Unit 12 is a 1974 B&W cyclone boiler with a net full-load output of 469 MW. Unit 12 currently burns a blend of 85% low-sulfur Powder River Basin (PRB) and 15% bituminous fuels. Unit 12 is currently equipped with the following control technologies:

  • OFA and SCR technology for NOX control
  • ESP with a SO3 flue gas conditioning system for particulate control

There is currently no FGD technology installed on Unit 12; however, NIPSCO had plans to install a dry FGD in 2018. These plans were developed prior to the promulgation of the MATS Rule regulations.

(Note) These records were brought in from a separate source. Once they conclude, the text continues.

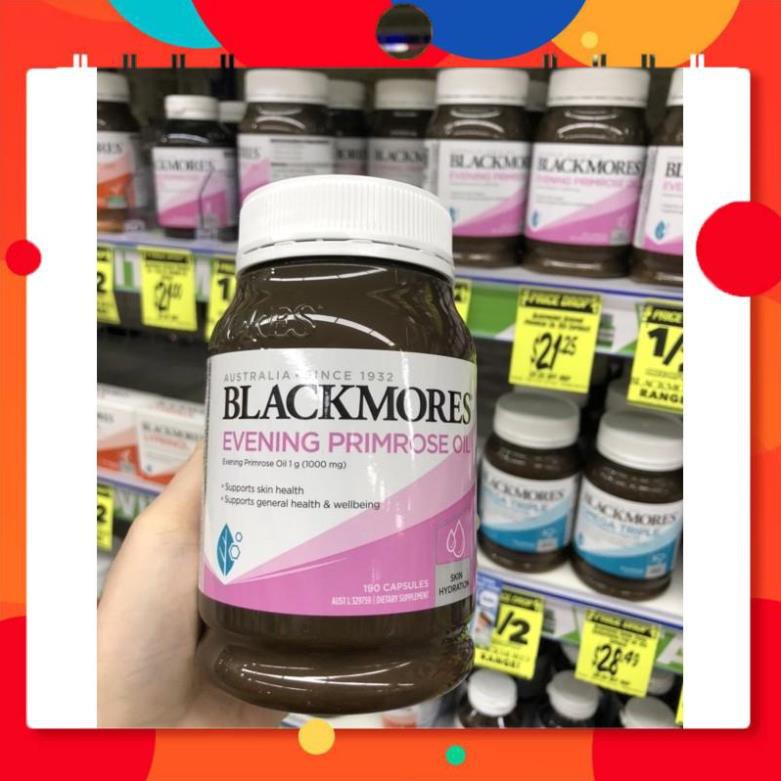 Tinh dầu hoa anh thảo Blackmores 190 viên của ÚC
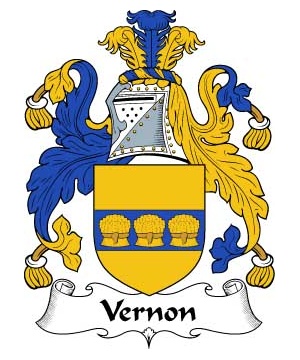 British/V/Vernon-Crest-Coat-of-Arms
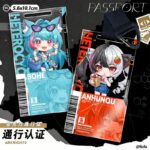 NTE GS25 Collaboration Mint Lacrimosa Chiz Shinku Acrylic Pass Keychain |  | nte.global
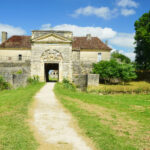 zum Fort Médoc aus dem 17. Jh.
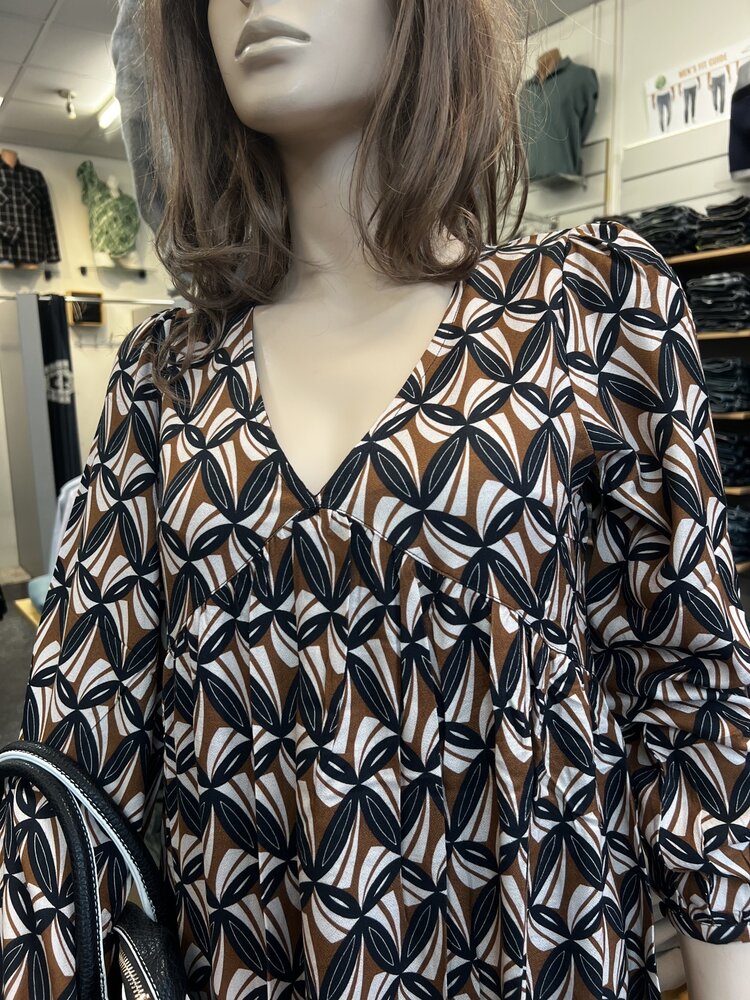 Princesse Nomade Jurk kort v-hals 24HRI13 Princesse Nomade Jurk kort v-hals 24HRI13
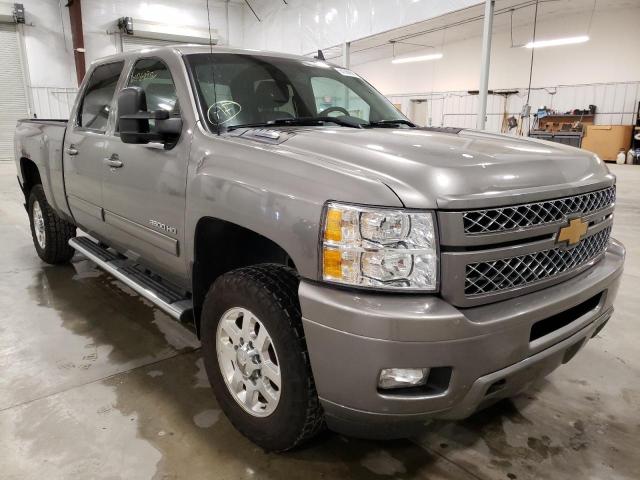 CHEVROLET SILVERADO 2013 1gc4k1c84df168679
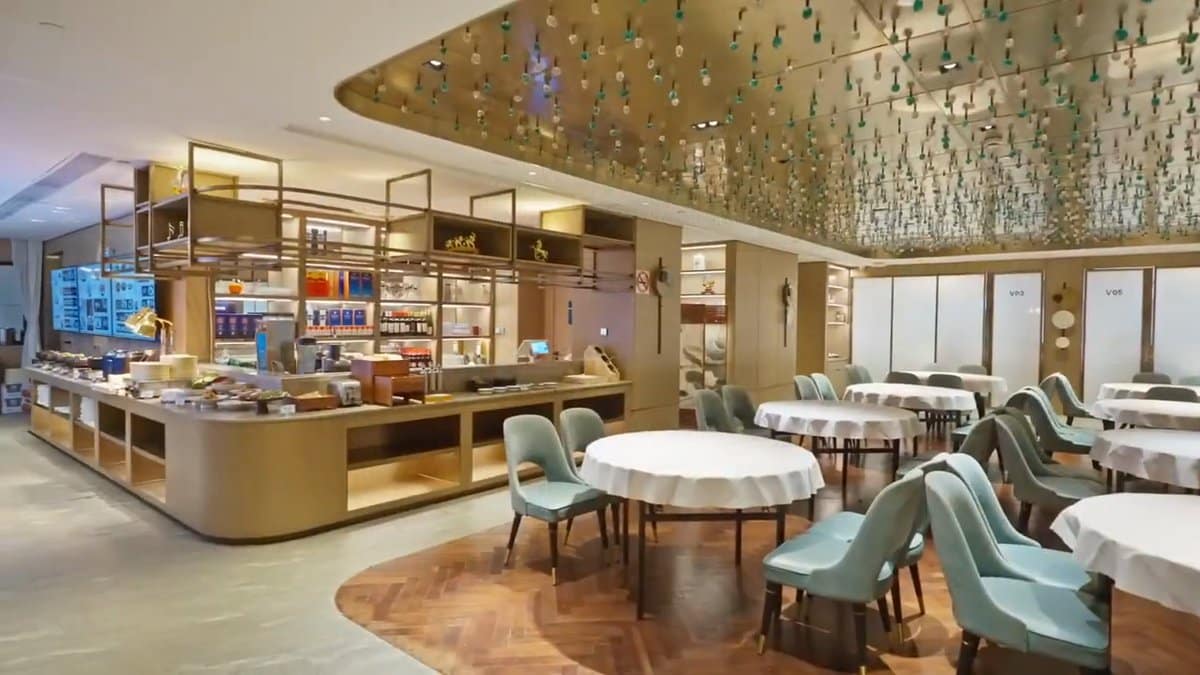 Buffet display counters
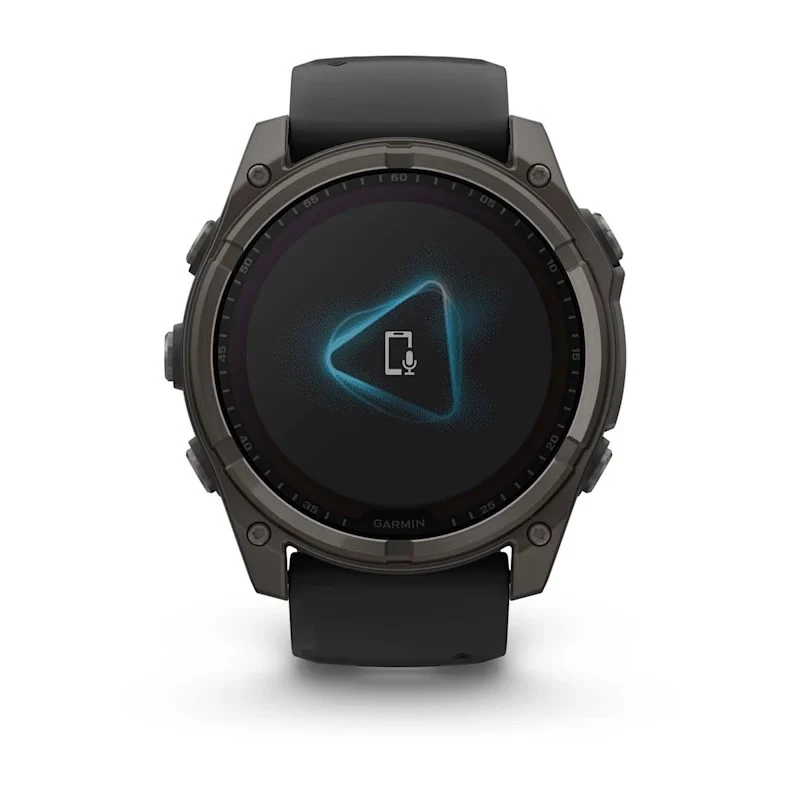 Garmin fenix 8 3,56 cm (1,4 colio) 51 mm skaitmeninis jutiklinis ekranas 280 x 280 pikselių titano korpusas su Wi-Fi ir GPS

R.M. Schahfer Generating Station (RMSGS) - Units 14, 15, 17, and 18

RMSGS is located on approximately a 2,900-acre site two miles south of the Kankakee River in Jasper County, near Wheatfield, Indiana, and is the largest of NIPSCO's generating stations. The SGS four base load and two peaking units came on line over an 11-year period, ending in 1986.

Unit 14 is a 1976 B&W cyclone boiler with a net full-load output of 431 MW. The unit currently burns a blend of Illinois bituminous and low-sulfur PRB fuels; in the future, Unit 14 may burn up to 100% bituminous fuel. The unit is equipped with the following air pollution control equipment:

  • OFA and SCR technology for NOX control
  • ESP for particulate control
  • Currently being retrofit with wet FGD technology for SO2 control and sorbent injection for SO3 control (will be in operation by the end of 2013)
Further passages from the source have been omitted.